- **What you need to do**
Retype only the lines below from the one with "Inventory Control Labels" to the one with "Kara Strapless Maxi Dress – Black", inclusive, skipping every image.

- **Material provided**

━━━━━━━━━━━━━━━━━━━━

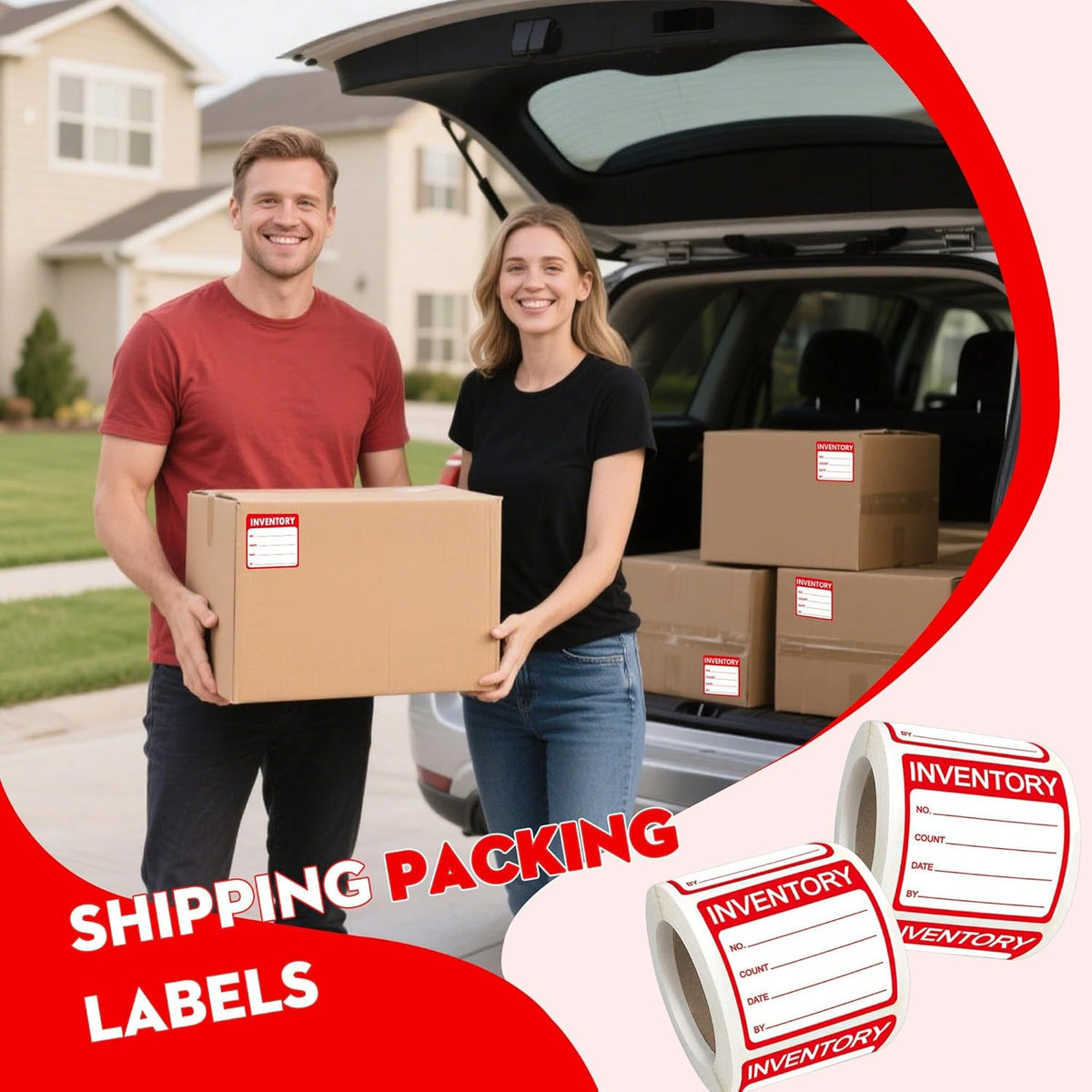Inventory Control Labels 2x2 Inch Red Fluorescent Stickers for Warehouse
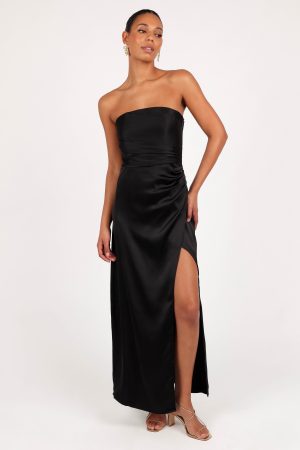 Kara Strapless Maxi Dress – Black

━━━━━━━━━━━━━━━━━━━━

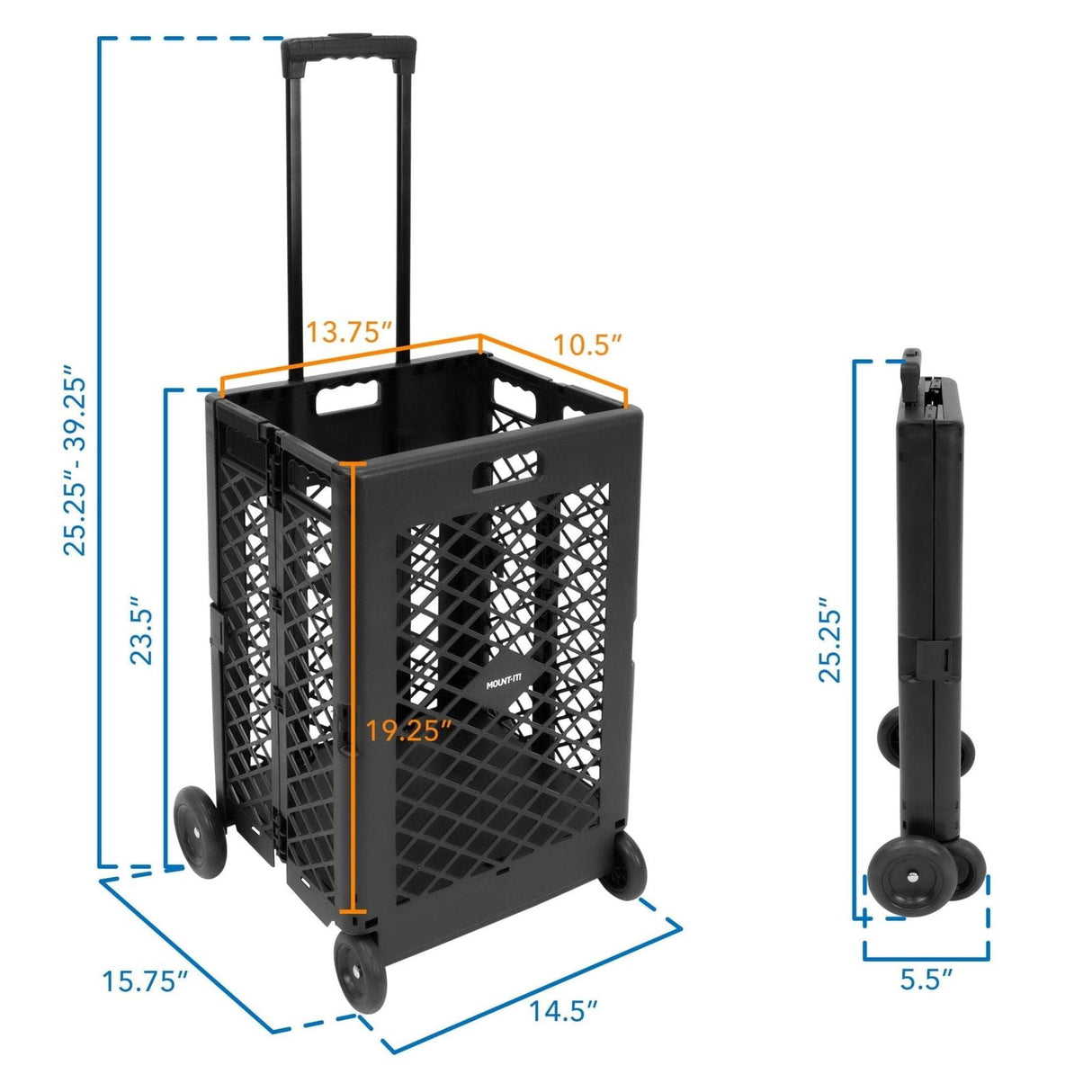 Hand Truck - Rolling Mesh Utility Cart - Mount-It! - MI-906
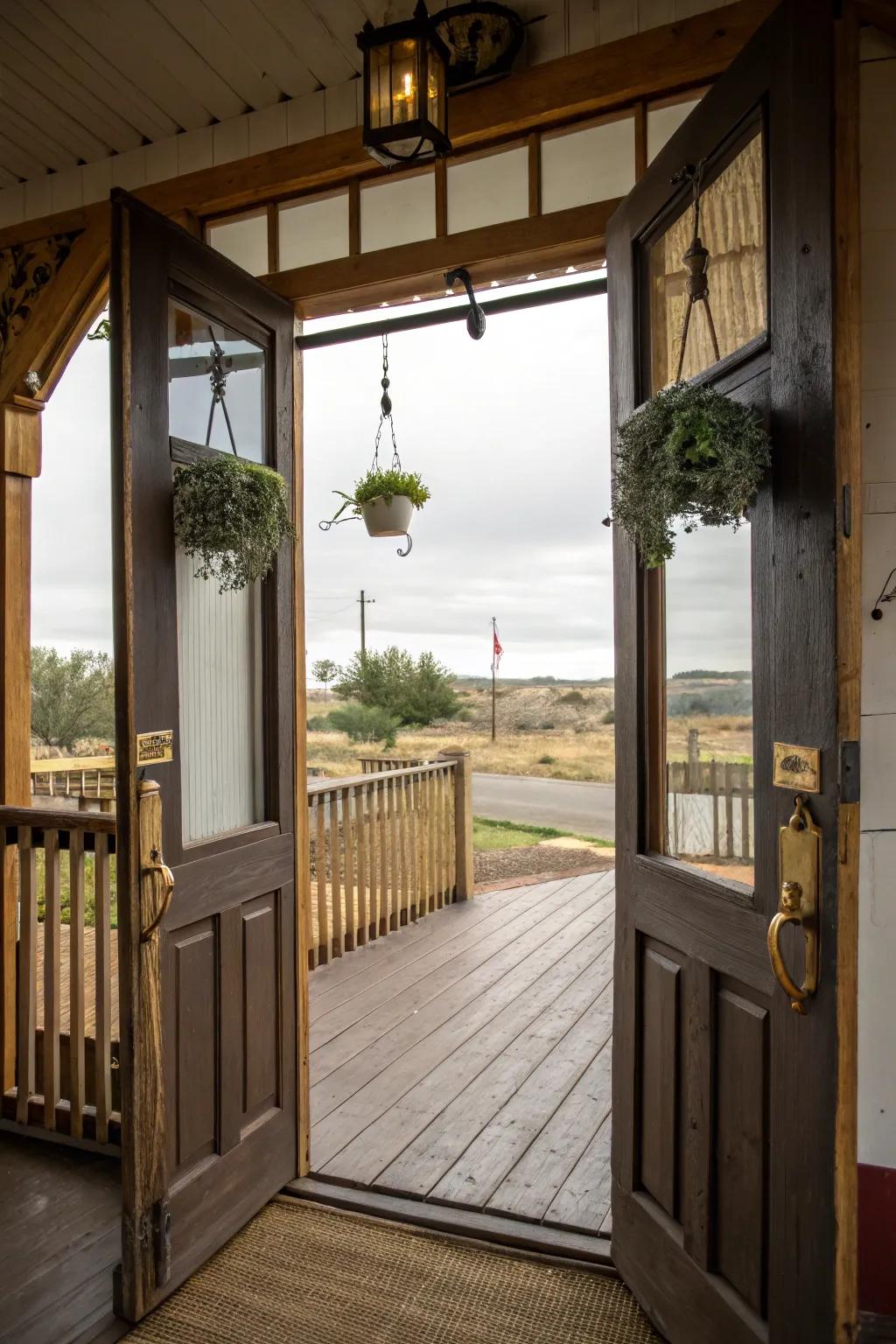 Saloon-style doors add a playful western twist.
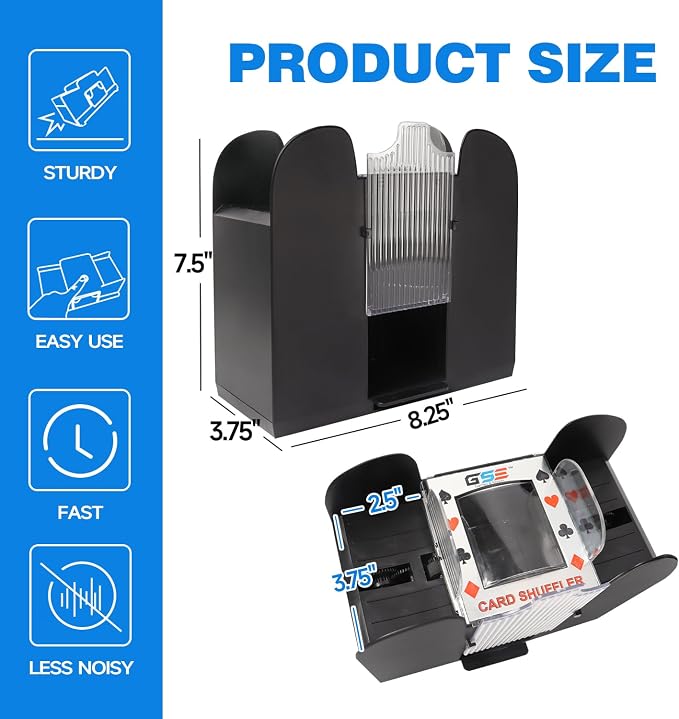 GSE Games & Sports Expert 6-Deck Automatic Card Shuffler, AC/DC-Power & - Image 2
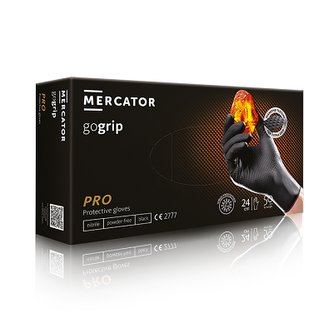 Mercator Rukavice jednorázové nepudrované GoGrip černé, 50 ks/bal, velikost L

━━━━━━━━━━━━━━━━━━━━

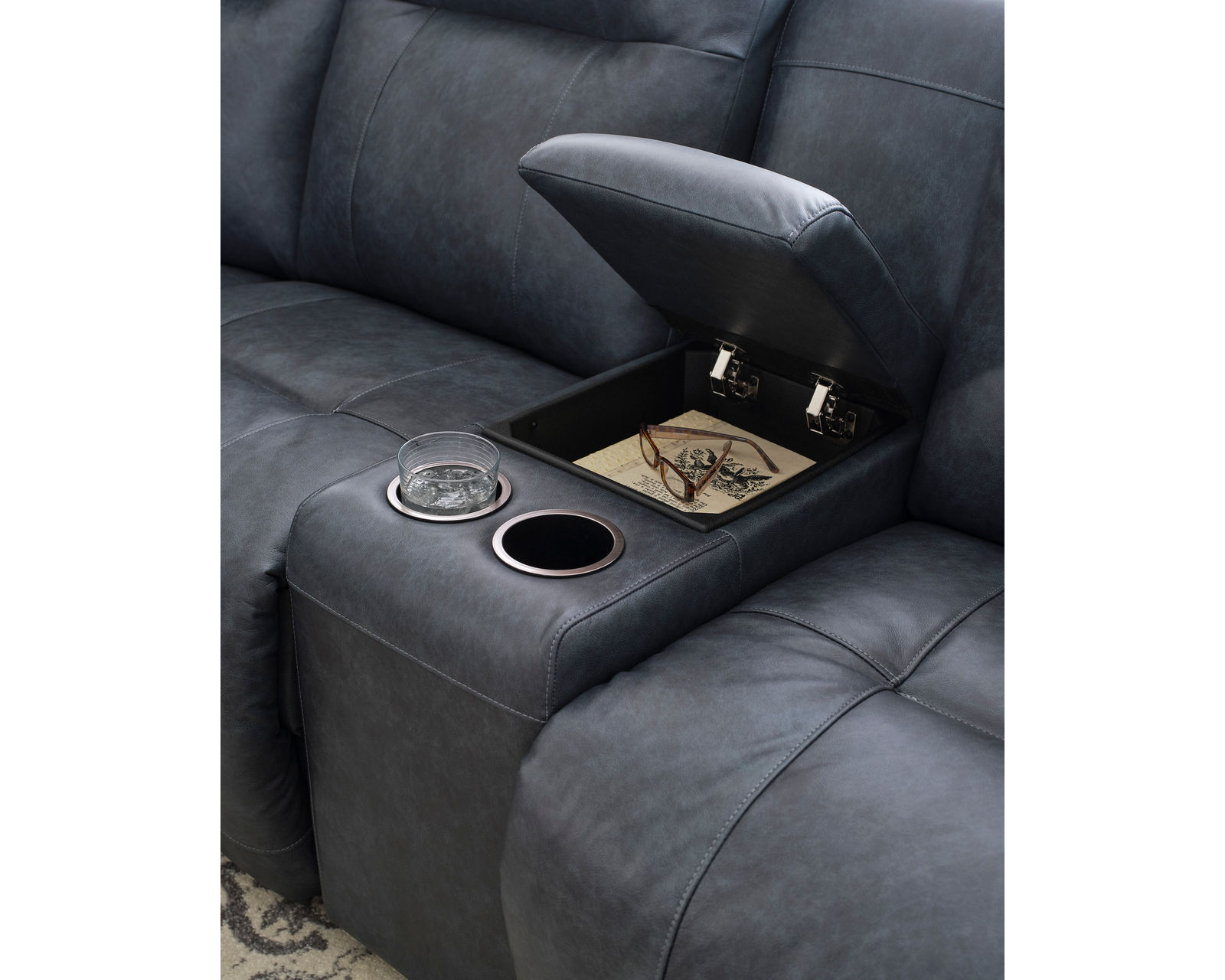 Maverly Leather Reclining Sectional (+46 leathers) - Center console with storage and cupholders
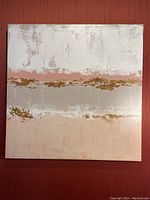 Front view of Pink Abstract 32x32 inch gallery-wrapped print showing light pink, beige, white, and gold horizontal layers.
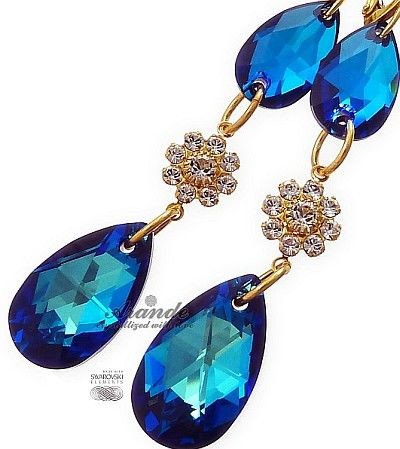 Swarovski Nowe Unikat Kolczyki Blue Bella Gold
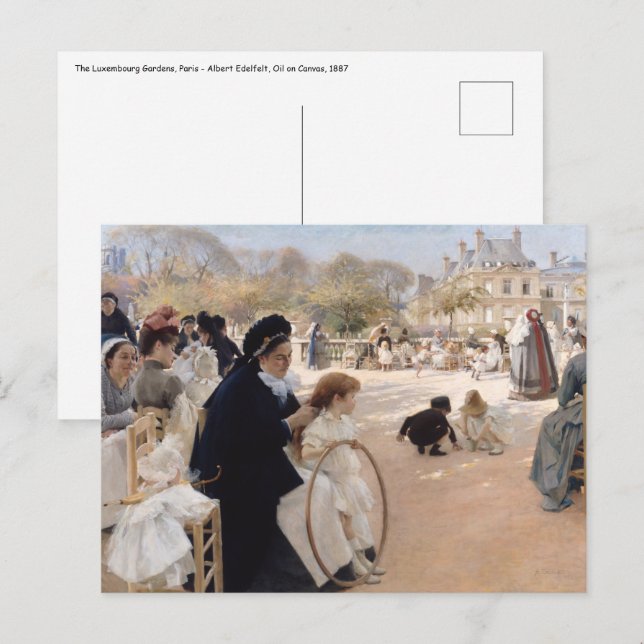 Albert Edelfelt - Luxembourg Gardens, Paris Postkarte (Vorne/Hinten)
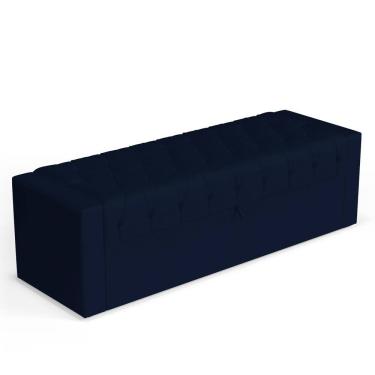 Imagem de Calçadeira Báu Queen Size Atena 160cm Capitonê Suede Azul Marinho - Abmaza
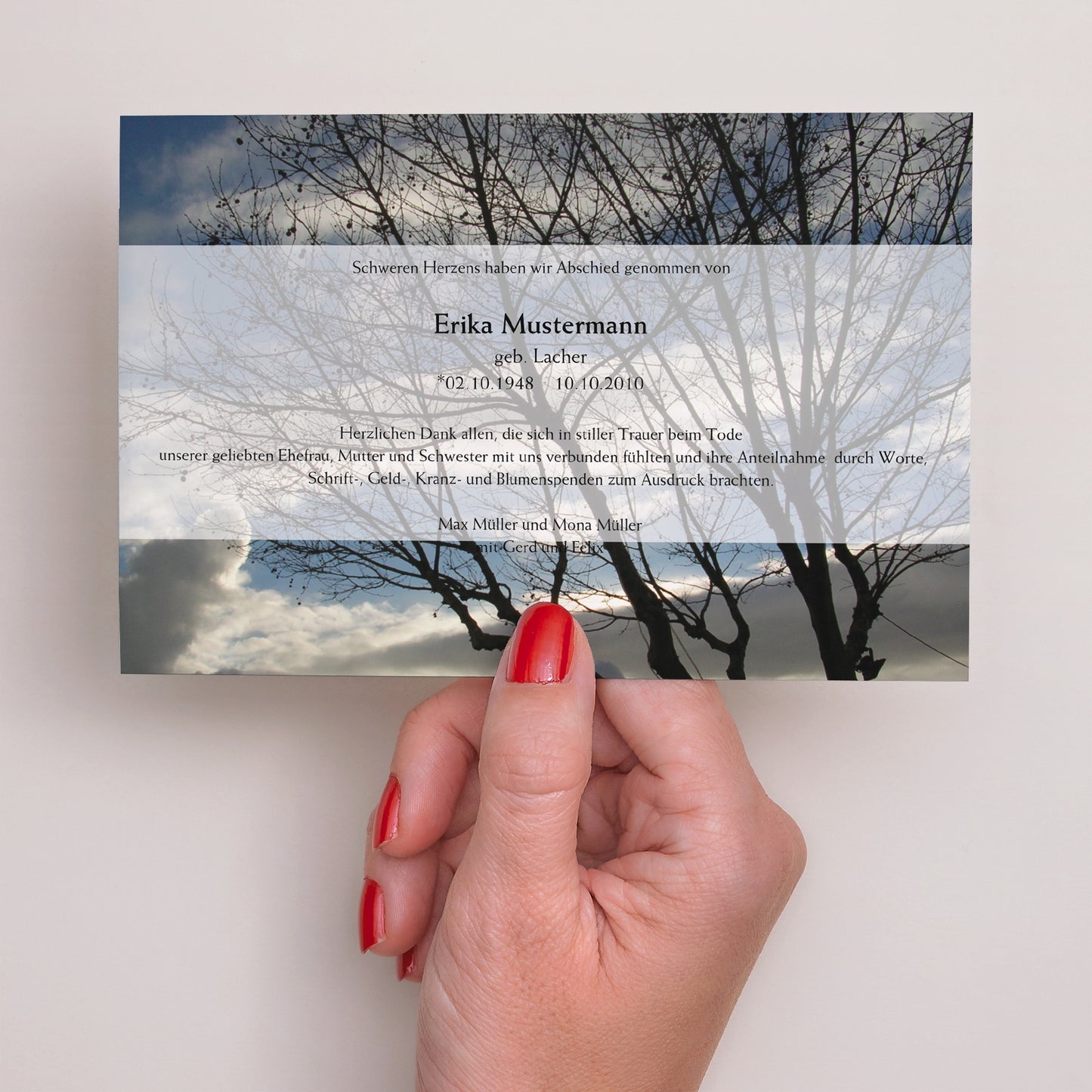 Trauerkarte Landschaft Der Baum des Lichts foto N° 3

━━━━━━━━━━━━━━━━━━━━

- **Reply**
Inventory Control Labels 2x2 Inch Red Fluorescent Stickers for Warehouse
 Kara Strapless Maxi Dress – Black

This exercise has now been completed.